What Businesses Should Do
- It’s more important than ever to keep your GBP listings accurate, complete, and up to date. To create these rich user experiences via SGE, Google is drawing on your GBP listings. You need to tie your local SEO strategy to both your website and your GBP listings. Those profiles present an opportunity to appear higher up and more often in conversational query results. Use language that resonates with your readers and makes them feel like you’re having a one-on-one conversation. Incorporate longtail keywords naturally into your content to ensure they flow seamlessly within the context.
- Accumulate positive ratings/reviews on your GBP listings. As you can see from the examples above, AI will do the heavy lifting of finding ratings/reviews and surfacing the most representative ones in SGE results. As Liz noted in her post, we know businesses have hesitated to ask for reviews with a debate on whether you are just asking for negative feedback, but we know that more than 80% of your customers are a “positive majority.”

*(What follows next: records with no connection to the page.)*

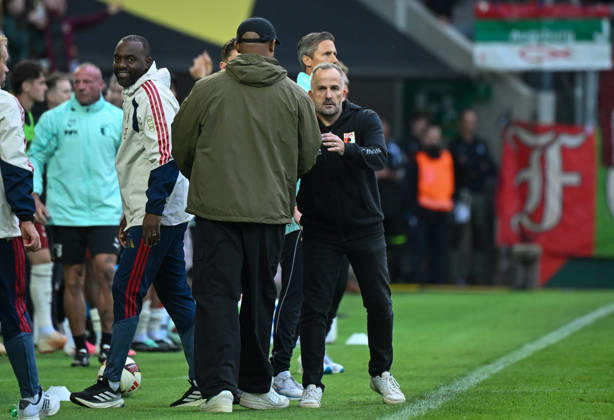 10.10.2026, xemx, Fussball 1.Bundesliga, FC Augsburg - Bayern München v.l. Cheftrainer Vincent Kompany (FC Bayern Muenchen), Cheftrainer Manuel Baum (FC Augsburg) (DFL DFB REGULATIONS PROHIBIT ANY USE OF PHOTOGRAPHS as IMAGE SEQUENCES and or QUASI-VIDEO) Augsburg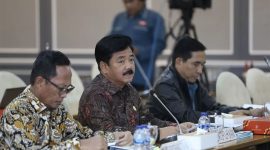 Menteri Koordinator Bidang Politik Hukum dan Keamanan (Menko Polhukam) Hadi Tjahjanto dalam Rapat Kerja Panitia Khusus Rancangan Undang-Undang (RUU) tentang Perubahan Atas Undang-Undang (UU) Nomor 32 Tahun 2014 tentang Kelautan di Dewan Perwakilan Rakyat (DPR) RI, Jakarta, Senin (3/6/2024). Foto. Humas Kemnko Polhukam RI.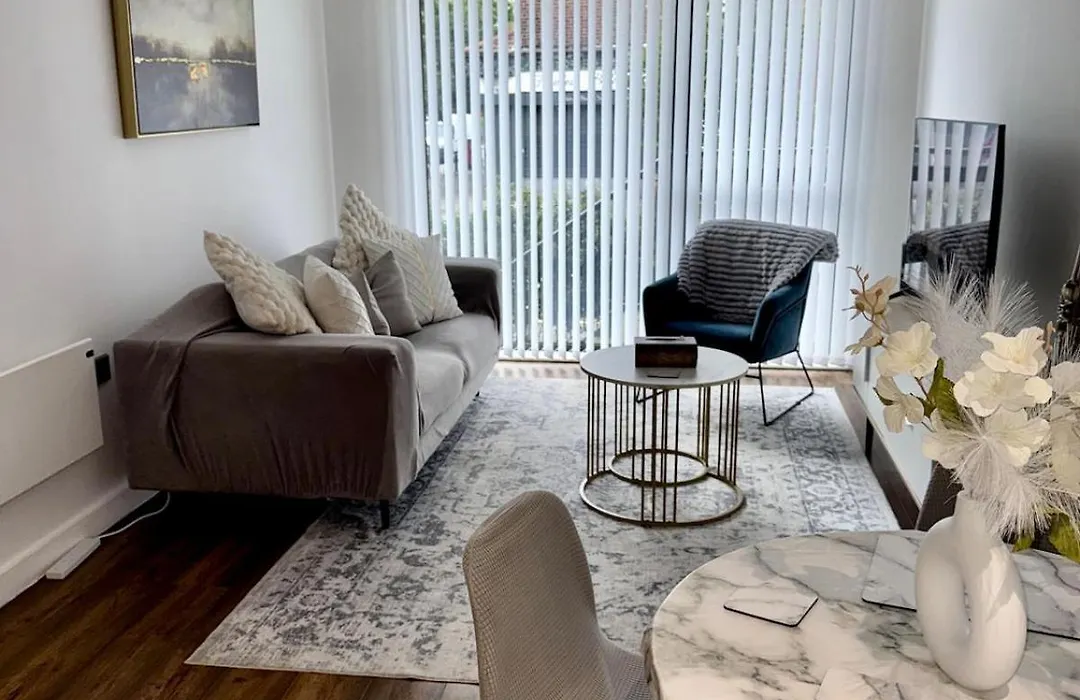 Stylish 2-Bed Apartment By Manchester City Cente-1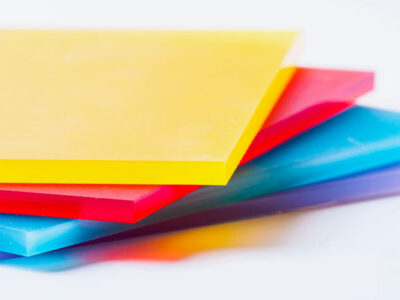 قیمت پلکسی گلاس چگونه محاسبه می‌شود؟ عوامل مؤثر بر هزینه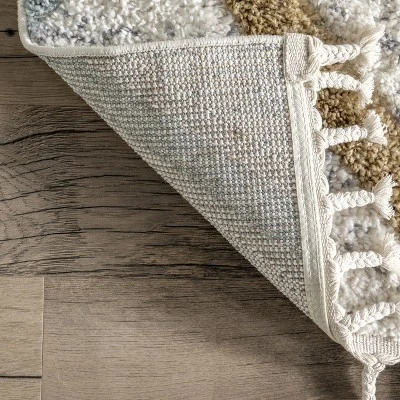 Lillie Abstract Diamond Kids Tassel Area Rug 8 Lillie Abstract Diamond Kids Tassel Area Rug - Image 6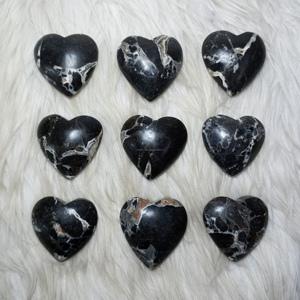 <b>Heart</b> Small <b>Black</b> Mamba Jasper Natural Indonesia High Quality Gemstones for Handicraft Healing Crystal 4x4x2 cm - Product Image 6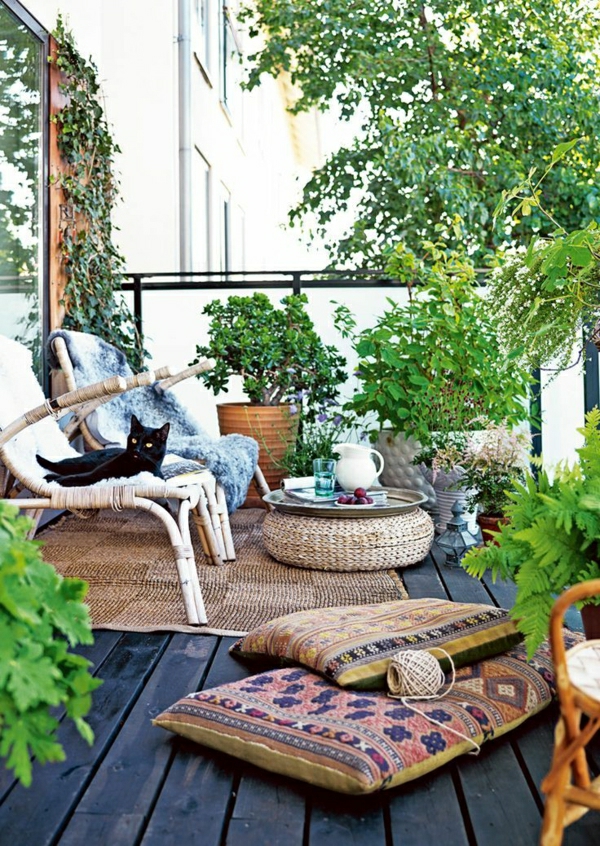 hoy en muebles de terraza-balcón-embellecer-balcón-deco-ideas-balcón de diseño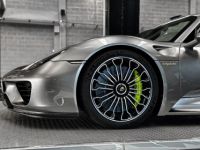 Porsche 918 918 Spyder V8 4.6 E-Hybird – LIQUID METAL SILVER - FAIBLE KILOMÉTRAGE - <small></small> 1.790.000 € <small></small> - #17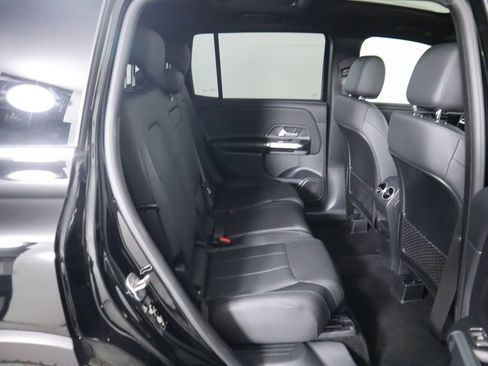 Certified 2025 Mercedes-Benz GLB 250 image 22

- Ask for detailed insights from your customers on your GBP listings. It is evident that SGE is currently offering concise overviews of select feedback regarding businesses (e.g., commendations on a dealer’s excellent customer service and enjoyable car purchasing journey). As AI evolves, it will enable users to pose more nuanced inquiries about local enterprises, like “Which dealership is highly rated for selling the best EVs?” While SGE isn’t quite there in delivering such refined search capabilities, it’s important to note that it’s in its nascent phases. There’s a foreseeable future where language models will yield more comprehensive and nuanced information. Businesses that have detailed reviews incorporating key terms stand to gain.
- If you are in the auto industry, make sure you optimize all your GBP listings. Google permits dealerships to have multiple GBP listings (for sales, service and parts). In addition, Google makes special allowances for organizations such as healthcare providers and insurance companies that include individual practitioners with their own GBP listings– making the optimization of their listings more complicated but potentially rewarding.
- Make sure your websites are also up to date and consistent with the content you share on your listings. Because of the website carousel provided in SGE results, users might simply click to your site directly from the results to do a deep dive into your product inventory – or they might visit your listing first. Either way, your website needs to be timely and consistent.
Bottom line: if you’ve been managing the basics of keeping your GBP listings up to date and accurate, you have a strong head start. Keep managing the basics, folks. Optimize your sites and listings with findable, accurate information. Whether someone is visiting your site or your site’s information is being used in a user conversation on SGE, Google (and the user) need accurate and helpful information to trust it.